SparQ Attention: Bandwidth-Efficient LLM Inference (2312.04985v6)

Published 8 Dec 2023 in cs.LG

Abstract: The computational difficulties of LLM inference remain a significant obstacle to their widespread deployment. The need for many applications to support long input sequences and process them in large batches typically causes token-generation to be bottlenecked by data transfer. For this reason, we introduce SparQ Attention, a technique for increasing the inference throughput of LLMs by utilising memory bandwidth more efficiently within the attention layers, through selective fetching of the cached history. Our proposed technique can be applied directly to off-the-shelf LLMs during inference, without requiring any modification to the pre-training setup or additional fine-tuning. We show that SparQ Attention brings up to 8x savings in attention data transfers without substantial drops in accuracy, by evaluating Llama 2 and 3, Mistral, Gemma and Pythia models on a wide range of downstream tasks.

PDF HTML Abstract

Introduction

Transformer models have become increasingly effective at solving complex language processing tasks by pre-training on extensive text corpora. LLMs benefit from this approach, offering versatile capabilities across various text-based applications. However, an obstacle often encountered with LLMs is their high computational demand during inference. This limitation is particularly pronounced when processing a large number of samples with extended contexts, leading to significant memory and bandwidth requirements. Addressing this challenge, a new technique known as SparQ Attention has been introduced, aiming to enhance inference efficiency by selectively fetching relevant portions of cached history within the attention mechanism.

SparQ Attention Algorithm

SparQ Attention improves the efficiency of LLMs during inference by optimizing the attention mechanism's memory bandwidth usage.
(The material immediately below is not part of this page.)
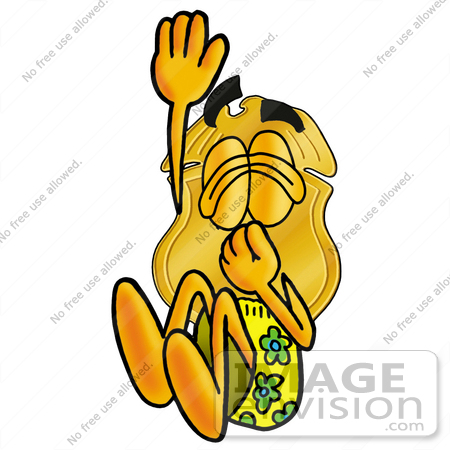 #22535 Clip art Graphic of a Gold Law Enforcement Police Badge Cartoon Character Plugging His Nose While Jumping Into Water by toons4biz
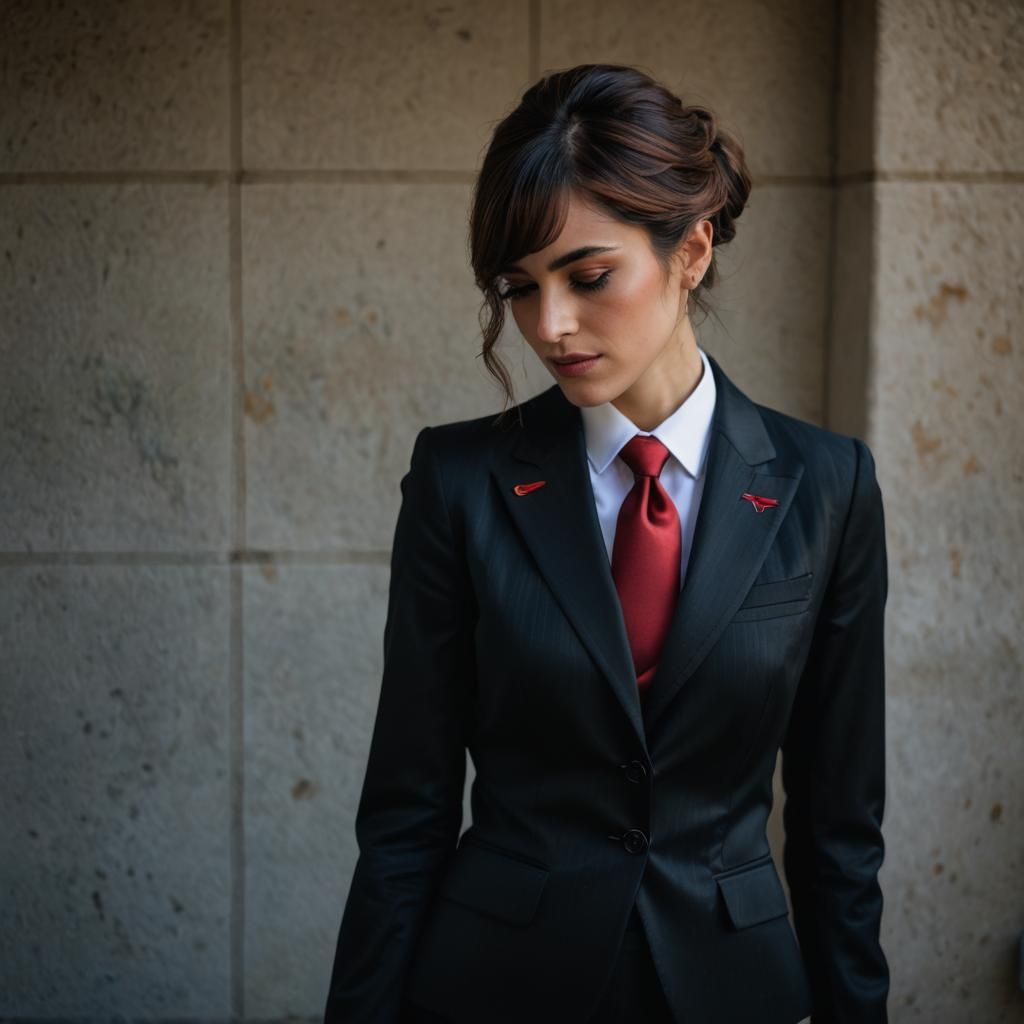 Elegant Woman in Black Suit, Professional Portrait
The technique works through three sequential steps. Initially, it locates the most significant components of the incoming query vector, then approximates initial attention scores using these components. Next, it captures the full key and value vectors for top-scoring tokens only. The final step amalgamates the results from the previous steps, interpolating the top scores with a running mean of the value vectors. Notably, this approach can reduce memory bandwidth demand up to eight times without loss in accuracy, and it can be directly applied to existing LLMs without altering pre-training setups or requiring additional fine-tuning.

Experiment and Results

The practical efficacy of SparQ Attention was tested across a variety of downstream tasks, including question answering, summarization, LLMing, and textual repetition. These tasks were designed to assess model performance in the presence of reduced data transfers and to pit SparQ Attention against other sparse attention methodologies. Exemplary performance was demonstrated using models such as Llama 2 and Pythia, with up to a billion parameters, across tasks that required long-sequence context processing. The technique was found to be robust, with bandwidth compression ratios ranging from 2× to 8×, often with negligible degradation in task performance.

Discussion and Related Work

This paper fits within a broader context of research that strives to improve the efficiency of attention mechanisms, including work on sparse attention and reduction of memory footprint in LLMs. Previous studies have introduced various models designed to improve efficiency, but many require modifications during the pre-training phase and may have trade-offs in task performance. In contrast, SparQ Attention stands out as it can be applied during inference to models without adjustments to their pre-trained weights. Despite showing substantial improvements in memory bandwidth reduction, SparQ Attention has its limitations; it conservatively manages memory and may have unexplored effects when combined with different transformer model variants. Future research may extend its applicability or overcome these limitations, potentially augmenting its role in efficient LLM inference further.